Ce fils d’ouvrier originaire du nord de la France n’était pas destiné à construire sa vie autour des livres. Après une scolarité chaotique, c’est à l’adolescence que Pascal Vandenberghe s’est immergé dans la lecture, de façon boulimique. Classiques, contemporains, littérature étrangère, philosophie, sociologie, Histoire, sciences politiques… sa soif de lecture n’a jamais été étanchée.
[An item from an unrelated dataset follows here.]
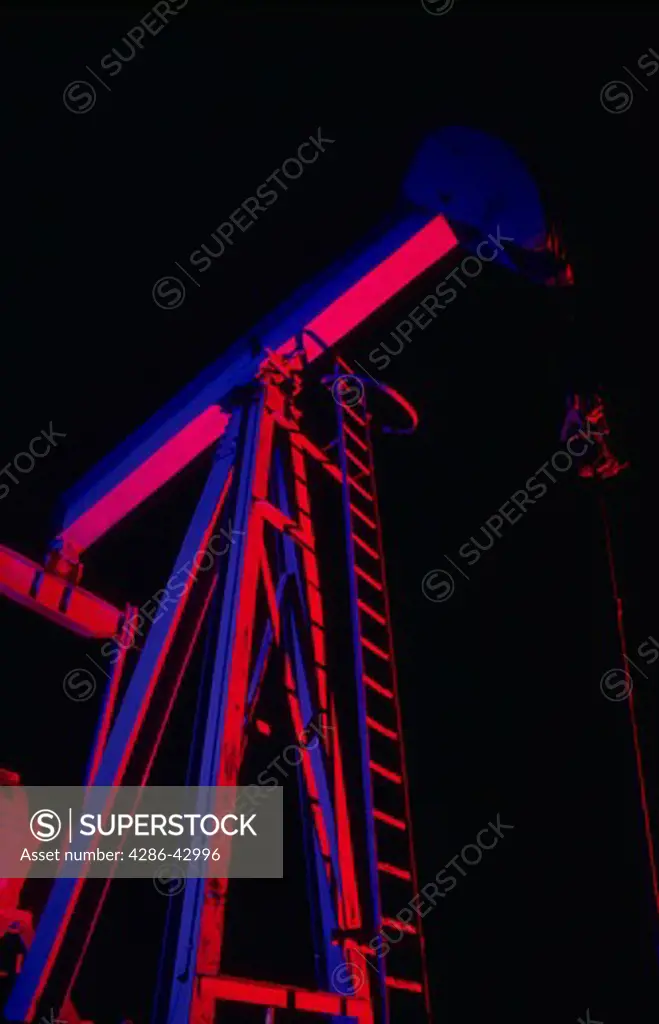View looking up at a pumpjack (oil pump) near Midland, Texas at night. The pump has been light painted so that it appears to be magenta and blue.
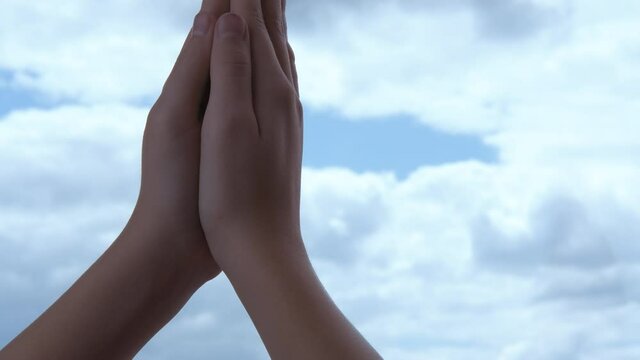 Namaste position. Hands of a girl in namaste on a background of blue sky.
Dans "Le Funambule du livre" apparaît peu à peu l’image d’un jeune homme conscient de son inadéquation, se moquant tant des injonctions sociales que des interdits et résolu à s’auto-éduquer par le texte. Au point que la lecture a pris chez lui une dimension utilitaire, peu propice au divertissement. Un jour, il se présente à un entretien d’embauche sur les conseils d’un ami, sans trop y croire.

Je me suis présenté avec mon CV tout pourri, je n’avais pas le bac, je n’avais pas fait d’études, juste un CAP d’ajusteur, je n’avais pas suivi de formation de libraire et j’étais passé de petit boulot en petit boulot.

Pascal Vandenberghe, "Le Funambule du livre"

Carrière ascensionnelle

Sans bien comprendre ni comment ni pourquoi, le jeune homme révolté de 24 ans se retrouve vendeur-libraire à la Fnac de Metz grâce à l’intuition de la responsable du secteur livres. Première étape d’une carrière ascensionnelle qui l’a amené à endosser des postes à responsabilités dans différentes succursales de l’enseigne réparties dans l’Hexagone. Avec, toujours en sous-texte, le franc-parler de l’autodidacte grande gueule qui dérange dans une société française corsetée par l’esprit de castes.

Dans ce parcours autobiographique, Pascal Vandenberghe évoque aussi ses années parisiennes, lorsqu’il a collaboré aux éditions La Découverte riches en sciences humaines. Puis une dizaine d’années plus tard, le besoin de s’exiler s’est imposé, conséquence d’un profond désamour avec la France et son système monarchique peu favorable aux autodidactes. C’aurait pu être Montréal, ce fut la Suisse romande, avec la prise en main des librairies Payot. Une histoire qu’on connaît mieux, sur laquelle l’intéressé s’est souvent exprimé dans la presse.

Plus technique est le bref essai que Pascal Vandenberghe a souhaité placer à la suite de son parcours autobiographique, "La librairie est un sport de combat". L’auteur y livre un bilan personnel de son expérience de professionnel de la chaîne du livre, en insistant sur la complémentarité entre livres papier et livres électroniques.

Deux textes, deux genres littéraires qu’une même idée traverse: servir le livre pour s’acquitter d’une dette envers ce formidable outil d’émancipation.

Jean-Marie Félix/mh

Pascal Vandenbergue, "Le Funambule du livre" suivi de "La librairie est un sport de combat", Ed. de l’Aire.